Lo cuenta en su Autobiografía (capítulo II): «Las primeras ideas de que tengo memoria son de cuando tenía unos cinco años. Estando en la cama, en lugar de dormir, yo siempre he sido muy poco dormilón, pensaba en la eternidad, pensaba siempre, siempre, siempre; me figuraba unas distancias enormes, a éstas añadía otras y otras, y al ver que no alcanzaba al fin, me estremecía, y pensaba: los que tengan la desgracia de ir a la eternidad de penas, ¿jamás acabarán el penar, siempre tendrán que sufrir? ¡Sí, siempre, siempre tendrán que penar!»

Era el modo de pensar de un niño que, por un lado, intentaba comprender lo que sería lo eterno.

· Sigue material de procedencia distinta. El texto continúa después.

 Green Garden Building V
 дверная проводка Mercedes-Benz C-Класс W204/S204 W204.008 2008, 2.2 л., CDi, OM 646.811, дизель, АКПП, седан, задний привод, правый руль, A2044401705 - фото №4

Por otro, sentía una inmensa compasión ante la posibilidad de que alguien fuese condenado para siempre.

Lo explica en las líneas siguientes de ese mismo texto: «Esto me daba mucha lástima, porque yo, naturalmente, soy muy compasivo; y esta idea de la eternidad de penas quedó en mí tan grabada, que, ya sea por lo tierno que empezó en mí, o ya sea por las muchas veces que pensaba en ella, lo cierto es que es lo que más tengo presente».

San Antonio María Claret explicaba cómo desde esa idea se comprende su incansable dinamismo misionero, su deseo constante de predicar a otros para ayudarles a llegar al cielo, a la eternidad del amor.

Así lo dice el santo: «Esta misma idea es la que más me ha hecho y me hace trabajar aún, y me hará trabajar mientras viva en la conversión de los pecadores, en el púlpito, en el confesionario, por medio de libros, estampas, hojas volantes, conversaciones familiares, etc., etc.»

Un volcán de apostolado arrancó desde esa idea que se introdujo en el corazón de un niño, que luego sería sacerdote, fundador de dos congregaciones religiosas, misionero y obispo.

Como san Antonio María Claret, y como tantos otros santos de todos los tiempos, la idea de la eternidad nos puede ayudar ahora a ser discípulos y misioneros.

Basta con que nos demos cuenta de lo mucho que nos ama Dios, del peligro de que haya quienes se alejen (para siempre) de Su Amor, y de la alegría inmensa que experimentaremos si, tras acoger la misericordia del Padre, podremos gozar, eternamente, de su cielo de amor.